Based on Nico Walker’s semi-autobiographical novel, “Cherry” is the story of a young man — called Cherry and played by our current Spider-Man, Tom Holland — who we meet while he’s in the middle of robbing a bank. He’s not so busy that he can’t take time to narrate the process of bank robbery, and continue to narrate how he got where he is.

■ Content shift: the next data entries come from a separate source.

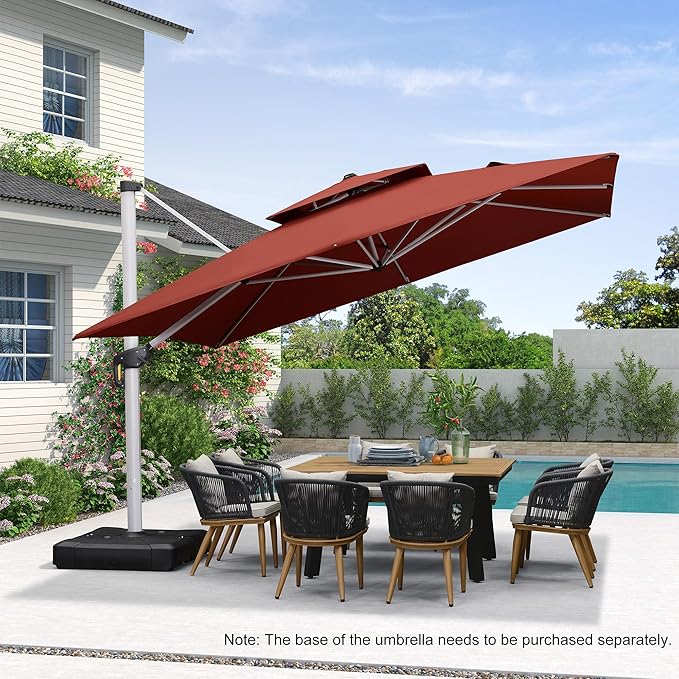 PURPLE LEAF 12 Feet Double Top Deluxe Square Patio Umbrella Offset Hanging - Image 2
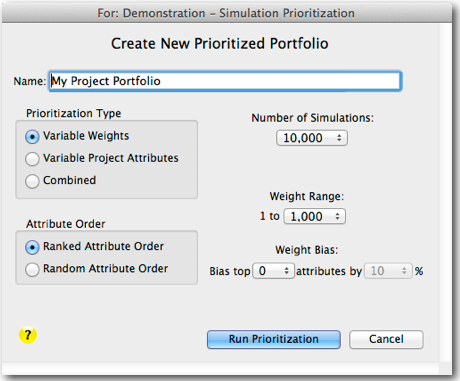 form for project portfolio management project prioritization using monte carlos simulations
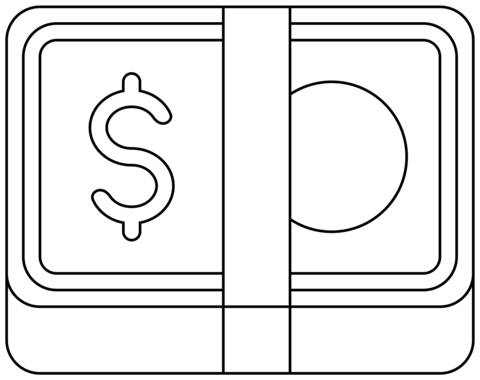 Dollar Banknote Emoji Coloring Page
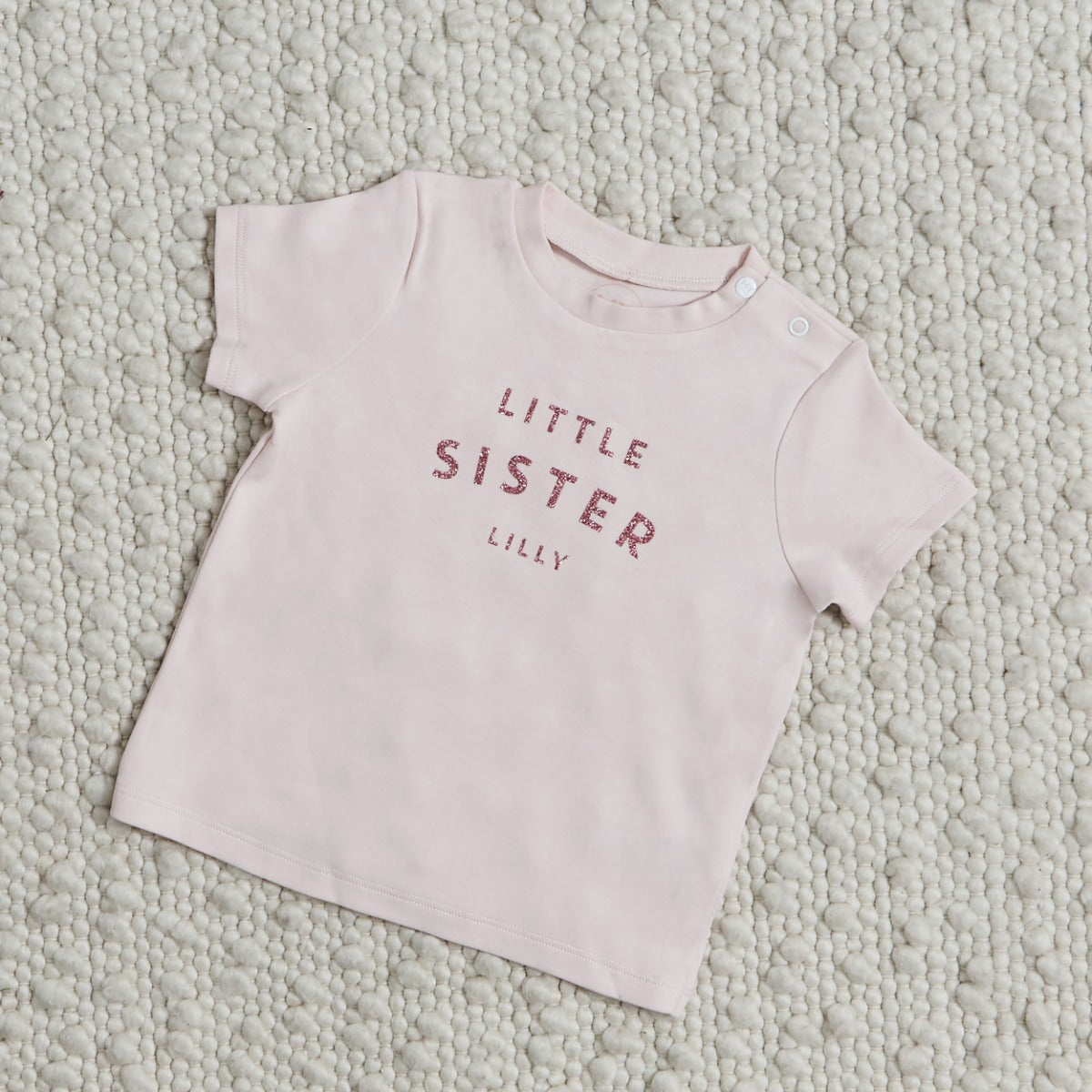 Personalised Little Sister Pink T-Shirt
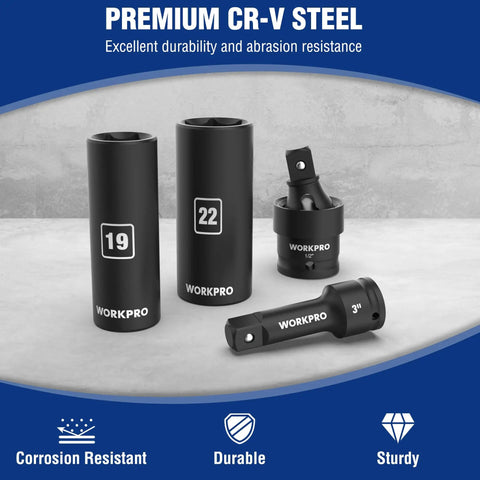 Beefy Half Inch Drive Deep Impact Socket Set, 6-Point Cr-V Steel Metric 10mm To 27mm, Includes 3 Inch And 5 Inch Extensions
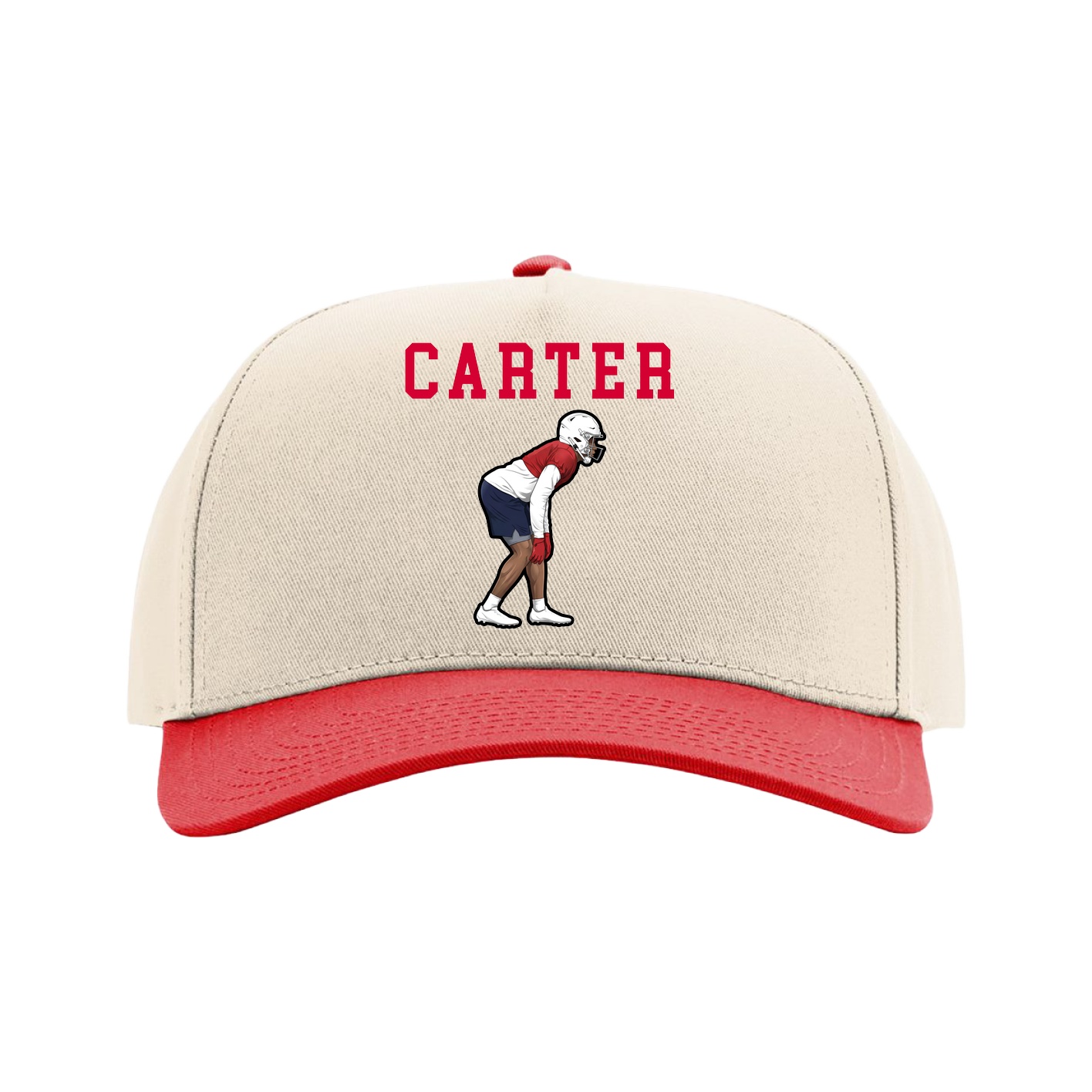 Full Fabric Five-Panel Champ Cap — Shirsey in Cream/Red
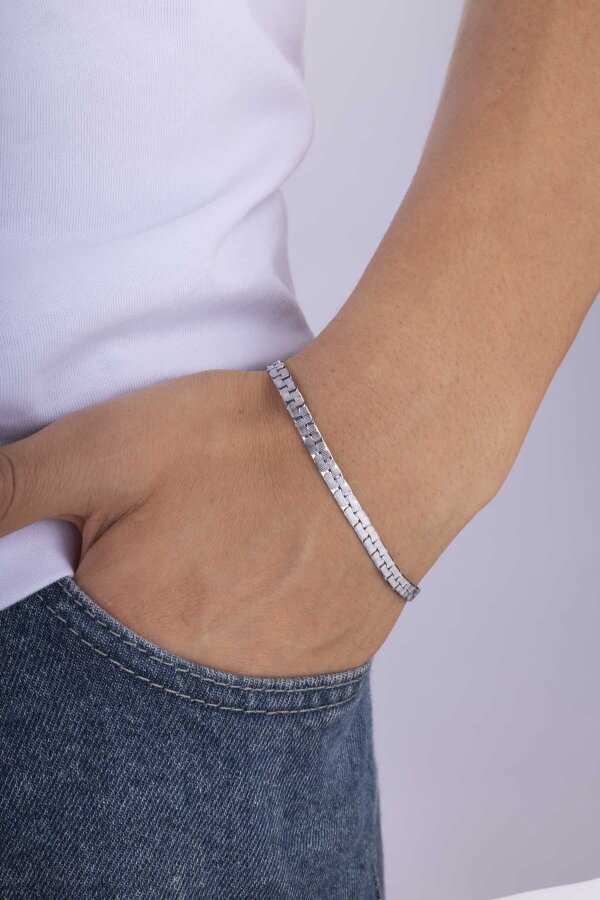 Geçmeli Kare Zincir Çelik Erkek Bileklik - Gümüş Pazarım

The movie then flashes back a few years, to Cherry’s life in a dead-end Ohio town in 2002, taking odd jobs tending bar and working construction. He gets a glimmer of hope in his life when he takes some college classes, and meets a pretty student, Emily (Ciara Bravo). They fall in love, but when she talks about leaving Ohio to study in Montreal, Cherry responds by enlisting in the Army. Emily drops her college plans, and the two get married before he ships out to basic training.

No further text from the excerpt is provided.